Empruntons la rue Couvent, un soir. Préparez-vous à vociférer durant tout le trajet jusqu’au centre de Curepipe en passant par la rue Higginson. Pourquoi? Car vous serez frustrés de n’avoir pu éviter tous les nids de poule et toutes les ‘crevasses’. De la manne bénie pour les mécaniciens car on endommage châssis, amortisseurs et éléments de suspension à chaque coin de rue – mille fois colmatée – ou énième déviation surprise.
Qu’en est-il du fameux forum de Curepipe? Nous sommes toujours dans l’attente de ce bâtiment unique de l’océan indien qui remplacerait cette structure. N’est-ce pas là le défaut de nos élus? Vouloir nous éblouir avec des projets faramineux qui n’aboutissent pas ou qui sont irréalisables, encore plus dans la présente conjoncture économique. Que demande-t-on? Simplicité, priorité, humilité et travail bien fait. On grignote des projets de rénovation aux quatre coins de la ville. 2022, l’hôtel de ville ne renaît toujours pas de ses cendres.
Heureusement que le centre de Curepipe revit un peu avec le relooking des Arcades Currimjee dont la belle architecture est remise en valeur. Cependant, triste spectacle en face; le bâtiment qui abritait le premier supermarché très connu de la ville, ressemble à une bâtisse hantée envahie par la mauvaise herbe, véritable pollution visuelle.
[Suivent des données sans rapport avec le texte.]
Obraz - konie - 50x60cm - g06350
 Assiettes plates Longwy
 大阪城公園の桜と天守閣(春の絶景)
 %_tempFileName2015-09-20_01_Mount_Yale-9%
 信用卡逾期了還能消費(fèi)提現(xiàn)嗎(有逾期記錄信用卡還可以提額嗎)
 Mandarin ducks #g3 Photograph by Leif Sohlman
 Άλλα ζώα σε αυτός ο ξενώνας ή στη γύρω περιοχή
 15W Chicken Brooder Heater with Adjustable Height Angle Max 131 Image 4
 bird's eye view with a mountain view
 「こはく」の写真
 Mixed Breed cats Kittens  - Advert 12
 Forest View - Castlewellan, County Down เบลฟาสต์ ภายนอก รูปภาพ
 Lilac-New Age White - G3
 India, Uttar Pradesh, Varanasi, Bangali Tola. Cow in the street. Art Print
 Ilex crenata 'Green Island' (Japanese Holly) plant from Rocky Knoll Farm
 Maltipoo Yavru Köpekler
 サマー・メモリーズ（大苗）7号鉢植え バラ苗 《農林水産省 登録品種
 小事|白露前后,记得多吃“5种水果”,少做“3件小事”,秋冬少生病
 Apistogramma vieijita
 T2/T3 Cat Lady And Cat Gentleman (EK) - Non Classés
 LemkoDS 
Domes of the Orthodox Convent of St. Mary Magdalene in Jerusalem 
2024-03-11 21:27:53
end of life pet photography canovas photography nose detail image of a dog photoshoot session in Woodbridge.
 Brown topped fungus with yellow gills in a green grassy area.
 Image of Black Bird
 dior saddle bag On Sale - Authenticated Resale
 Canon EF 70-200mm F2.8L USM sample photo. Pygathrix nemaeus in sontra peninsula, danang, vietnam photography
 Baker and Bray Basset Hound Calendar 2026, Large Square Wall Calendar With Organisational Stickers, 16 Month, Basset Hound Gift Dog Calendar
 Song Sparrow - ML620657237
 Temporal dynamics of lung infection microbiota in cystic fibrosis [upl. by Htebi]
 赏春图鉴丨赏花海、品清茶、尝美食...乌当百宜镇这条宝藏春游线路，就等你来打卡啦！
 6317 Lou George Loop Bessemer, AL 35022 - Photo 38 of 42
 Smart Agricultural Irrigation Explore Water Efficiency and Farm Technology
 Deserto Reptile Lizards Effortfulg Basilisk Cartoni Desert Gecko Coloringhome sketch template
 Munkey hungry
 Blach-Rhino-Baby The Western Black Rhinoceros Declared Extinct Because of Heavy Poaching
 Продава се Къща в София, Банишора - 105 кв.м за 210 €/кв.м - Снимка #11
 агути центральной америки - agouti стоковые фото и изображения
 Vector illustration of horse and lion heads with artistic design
Ce n’est désormais qu’un raccourci ‘crevassé’, pour atteindre la gare ou prendre un taxi. Par conséquent, les commerces aux alentours perdent de leur attrait.
Pendant que les travaux de rénovation tâtonnent, ceux du métro à Malartic vont bon train. Dommage qu’ils enlaidissent la ville. Curepipe n’étant pas une ville particulièrement ensoleillée, de ces énormes poutres de béton massif obscurcissant désormais le ciel, l’eau de pluie dégouline. De quoi vous rendre morose, dans cette étroite voie menant à Eau-Coulée.
A-t-on concilié aménagement urbain, esthétique et écologie ? Comment concevoir une ville Lumière écologique aujourd’hui ? Va-t-on dépenser des millions pour son embellissement avec quelques fresques plus tard ? Curepipe est une ville avec du potentiel pourvu qu’on ait une vision. Imposons aux propriétaires d’entretenir les bâtiments en centre-ville; pour cela, que la mairie donne l’exemple! Faisons entrer du vert. Faisons ressortir le charme curepipien en la modernisant avec élégance. Malheureusement, pour beaucoup, modernisation rime avec métro, destruction, béton.